The study explores the use of Fractal Neural Networks (FractalNet) for analyzing satellite images, specifically for object detection. It aims to improve accuracy and processing speed compared to traditional Convolutional Neural Networks (CNNs) like VGG16 and ResNet50. High-resolution satellite images were collected from Google Earth and used to train and test FractalNet models with varying hyperparameters. The results showed that FractalNet outperformed CNNs, achieving a test accuracy of up to 93.26% in deep configurations. The study highlights the potential of fractal neural networks in automating satellite image analysis, making them a robust alternative to conventional methods.
Takeaways:
- Fractal Neural Networks (FractalNet) offer superior accuracy compared to traditional CNNs in satellite image analysis.

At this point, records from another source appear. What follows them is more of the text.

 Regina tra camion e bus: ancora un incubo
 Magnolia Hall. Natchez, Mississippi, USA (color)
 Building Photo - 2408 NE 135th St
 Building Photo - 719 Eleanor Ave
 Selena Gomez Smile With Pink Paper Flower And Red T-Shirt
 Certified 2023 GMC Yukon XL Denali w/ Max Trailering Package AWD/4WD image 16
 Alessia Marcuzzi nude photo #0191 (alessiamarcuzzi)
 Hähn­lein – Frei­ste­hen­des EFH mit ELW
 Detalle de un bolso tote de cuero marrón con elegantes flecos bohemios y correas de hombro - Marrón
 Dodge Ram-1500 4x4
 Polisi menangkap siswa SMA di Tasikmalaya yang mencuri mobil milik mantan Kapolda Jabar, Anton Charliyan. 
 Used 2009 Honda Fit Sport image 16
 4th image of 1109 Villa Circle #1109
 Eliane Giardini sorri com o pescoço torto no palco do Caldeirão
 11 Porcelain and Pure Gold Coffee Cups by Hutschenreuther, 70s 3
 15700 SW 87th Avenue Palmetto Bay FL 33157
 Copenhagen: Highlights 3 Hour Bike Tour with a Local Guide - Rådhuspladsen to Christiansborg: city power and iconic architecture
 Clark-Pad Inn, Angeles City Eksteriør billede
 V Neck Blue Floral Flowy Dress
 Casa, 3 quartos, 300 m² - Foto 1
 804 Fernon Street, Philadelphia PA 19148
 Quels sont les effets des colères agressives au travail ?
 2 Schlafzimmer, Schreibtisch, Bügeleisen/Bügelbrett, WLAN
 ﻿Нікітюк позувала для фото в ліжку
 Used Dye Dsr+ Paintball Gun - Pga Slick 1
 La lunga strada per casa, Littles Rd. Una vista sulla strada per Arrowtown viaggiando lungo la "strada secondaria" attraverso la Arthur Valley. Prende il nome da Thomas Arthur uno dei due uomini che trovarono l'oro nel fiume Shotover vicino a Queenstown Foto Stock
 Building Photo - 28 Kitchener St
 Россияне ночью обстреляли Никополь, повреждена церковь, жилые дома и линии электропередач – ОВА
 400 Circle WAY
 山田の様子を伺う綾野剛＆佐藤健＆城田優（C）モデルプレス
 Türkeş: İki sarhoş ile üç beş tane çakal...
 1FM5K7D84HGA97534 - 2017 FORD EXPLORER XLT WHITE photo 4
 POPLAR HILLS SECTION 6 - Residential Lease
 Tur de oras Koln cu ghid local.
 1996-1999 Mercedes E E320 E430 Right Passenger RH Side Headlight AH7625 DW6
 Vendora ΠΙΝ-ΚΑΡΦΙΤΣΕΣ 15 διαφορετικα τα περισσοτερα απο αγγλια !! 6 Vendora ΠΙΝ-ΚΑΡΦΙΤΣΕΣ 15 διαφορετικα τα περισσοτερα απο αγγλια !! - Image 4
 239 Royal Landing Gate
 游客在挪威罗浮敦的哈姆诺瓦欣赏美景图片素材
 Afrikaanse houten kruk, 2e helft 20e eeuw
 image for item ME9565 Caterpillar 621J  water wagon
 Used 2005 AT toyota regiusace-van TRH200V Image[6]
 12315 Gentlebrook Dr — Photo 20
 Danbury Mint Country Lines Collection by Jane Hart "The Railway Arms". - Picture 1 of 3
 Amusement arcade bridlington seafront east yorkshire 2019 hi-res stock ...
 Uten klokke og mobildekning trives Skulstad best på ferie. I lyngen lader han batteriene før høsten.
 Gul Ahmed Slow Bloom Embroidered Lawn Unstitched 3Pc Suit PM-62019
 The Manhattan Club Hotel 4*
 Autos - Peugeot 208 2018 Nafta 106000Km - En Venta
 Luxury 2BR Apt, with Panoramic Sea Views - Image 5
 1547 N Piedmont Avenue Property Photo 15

- The recursive structure of FractalNet improves feature extraction, particularly in deep network configurations.
- A 32-layer FractalNet model achieved a high test accuracy of 93.26%, outperforming VGG16 and ResNet50.
- Data augmentation and hyperparameter tuning significantly improved model performance.
- Compared to conventional CNNs, FractalNet reduces overfitting while maintaining accuracy, making it suitable for complex satellite imagery.
- Automated satellite image analysis using FractalNet can enhance detection speed and efficiency for applications like infrastructure monitoring and environmental assessment.
- The study reinforces the need for advanced deep learning techniques to improve real-time image classification in satellite-based monitoring systems.